═════ Data shown ═════

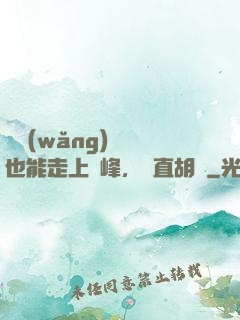 開網(wǎng)約車也能走上巔峰，簡直胡鬧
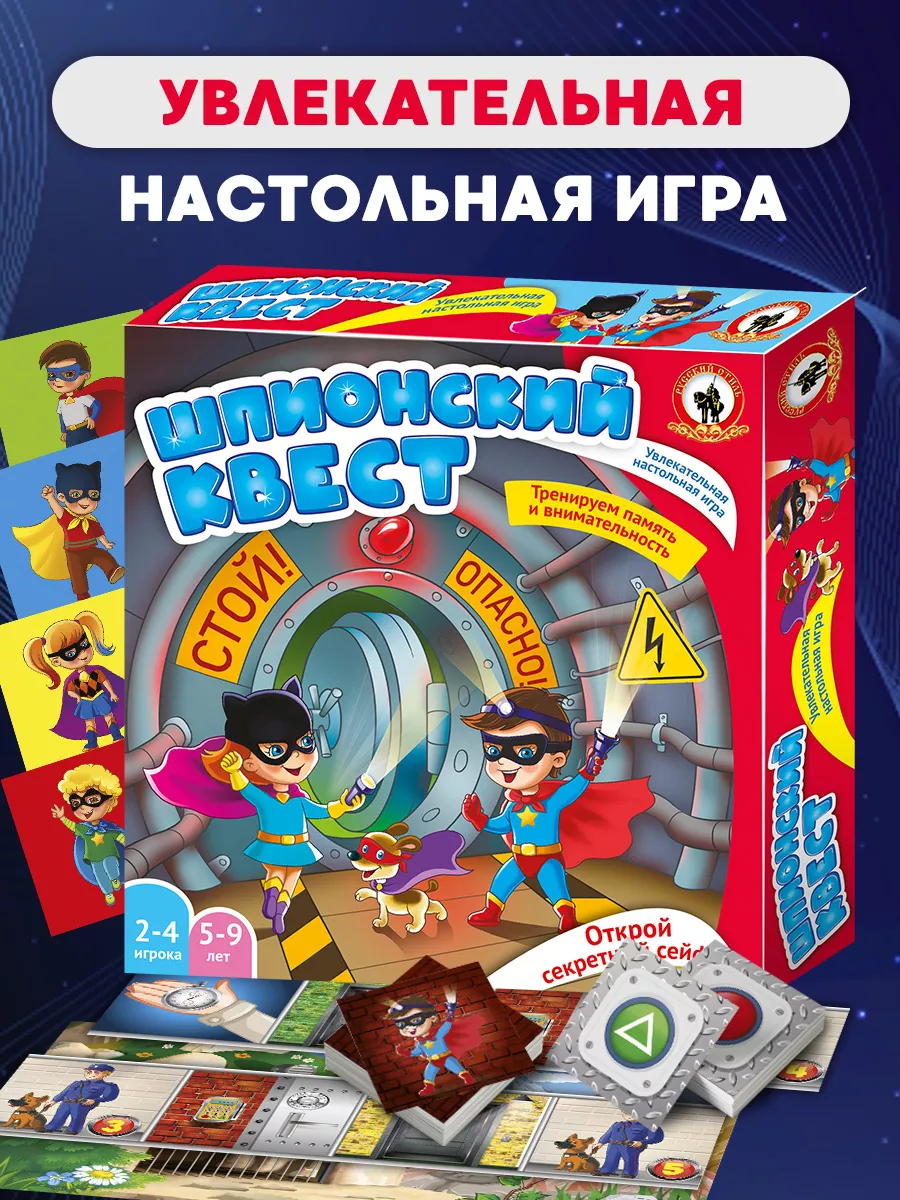 Настольная игра для детей 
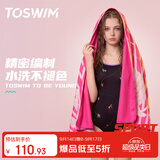 TOSWIM拓胜游泳速干浴巾沙滩巾毛巾防晒斗篷成人浴袍吸水运动专用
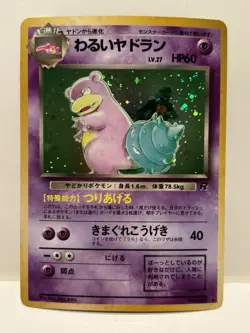 1996 Pokemon TCG Japanese Dark Slowbro Holo Team Rocket Trading Card - Image 3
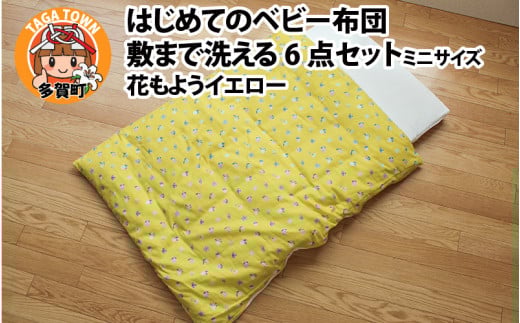 はじめてのベビー布団　敷まで洗える6点セット　ミニサイズ　花もようイエロー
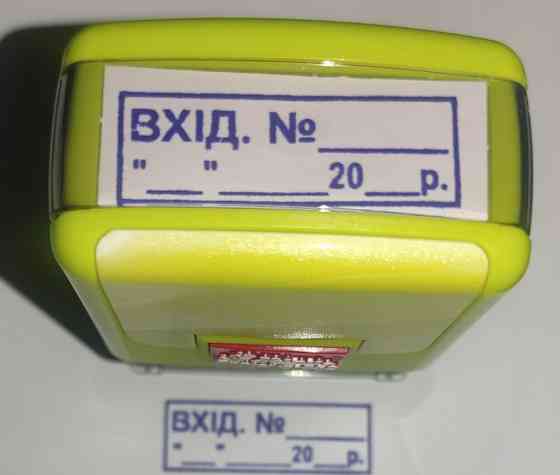 Штамп Shiny "ВХІД. №_______ «___»____20__р." Київ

═════

All records above are to be printed exactly, minus the pictures they contain.

 開網(wǎng)約車也能走上巔峰，簡直胡鬧
 Настольная игра для детей 
 TOSWIM拓胜游泳速干浴巾沙滩巾毛巾防晒斗篷成人浴袍吸水运动专用
 1996 Pokemon TCG Japanese Dark Slowbro Holo Team Rocket Trading Card - Image 3
 はじめてのベビー布団　敷まで洗える6点セット　ミニサイズ　花もようイエロー
 Штамп Shiny "ВХІД. №_______ «___»____20__р." Київ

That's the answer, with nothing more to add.